*** RECORDS SUPPLIED Section Begins ***
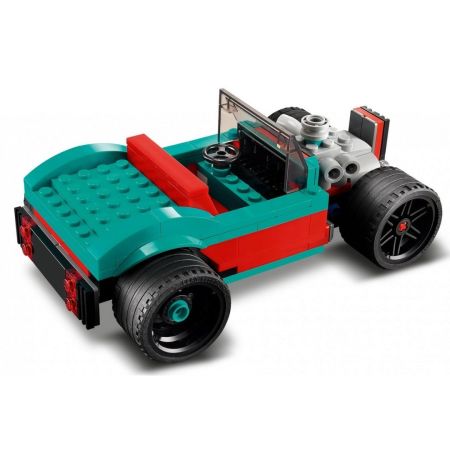 Masina de curse pe sosea Lego Creator, +7 ani, 31127, Lego 496117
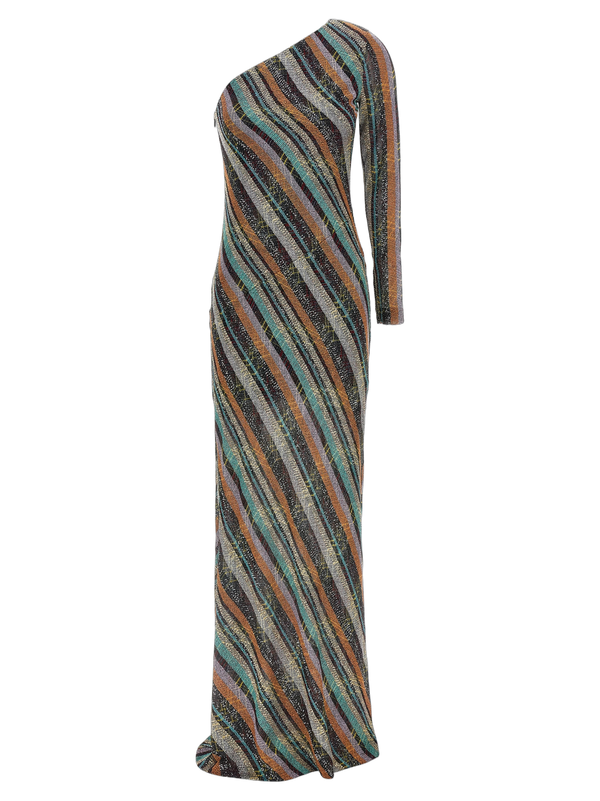 Missoni 68% Viscose dress in multicolor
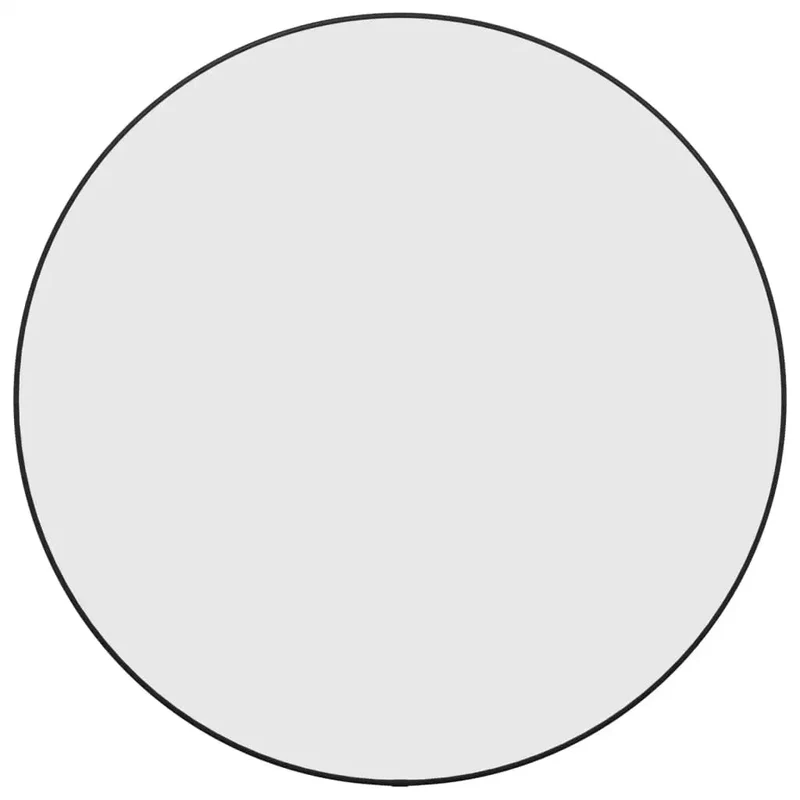 miroir mural rond décoratif pour intérieur moderne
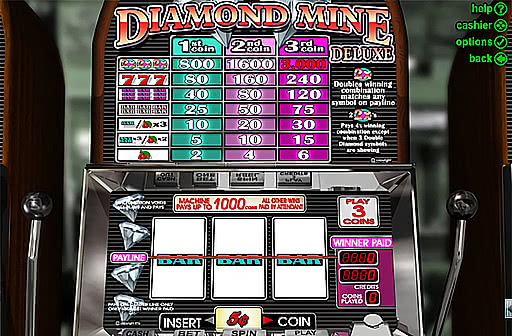 Diamond Mine Deluxe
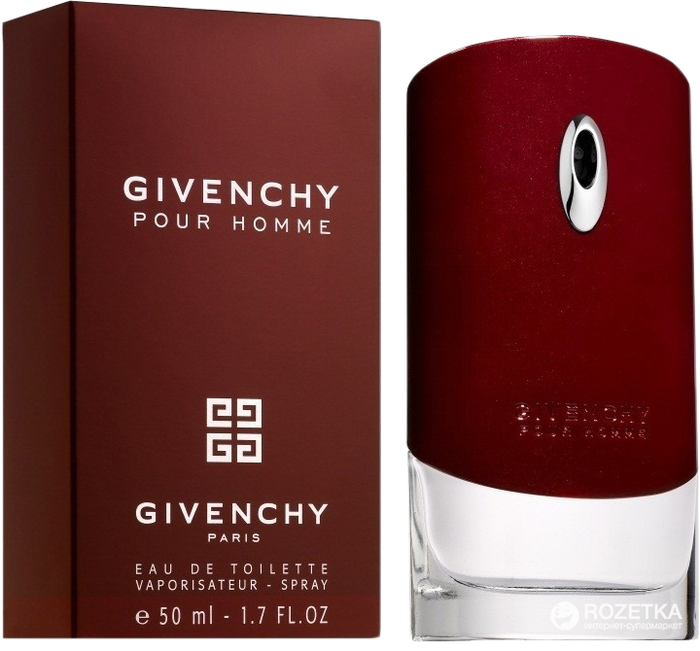 Givenchy Givenchy Pour Homme Eau de Toilette 50 mL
*** RECORDS SUPPLIED Section Ends ***
**WORK REQUEST**. The answer should be an exact restatement of every entry, with the pictures omitted.

**EXERCISE RESPONSE**.
 Masina de curse pe sosea Lego Creator, +7 ani, 31127, Lego 496117
 Missoni 68% Viscose dress in multicolor
 miroir mural rond décoratif pour intérieur moderne
 Diamond Mine Deluxe
 Givenchy Givenchy Pour Homme Eau de Toilette 50 mL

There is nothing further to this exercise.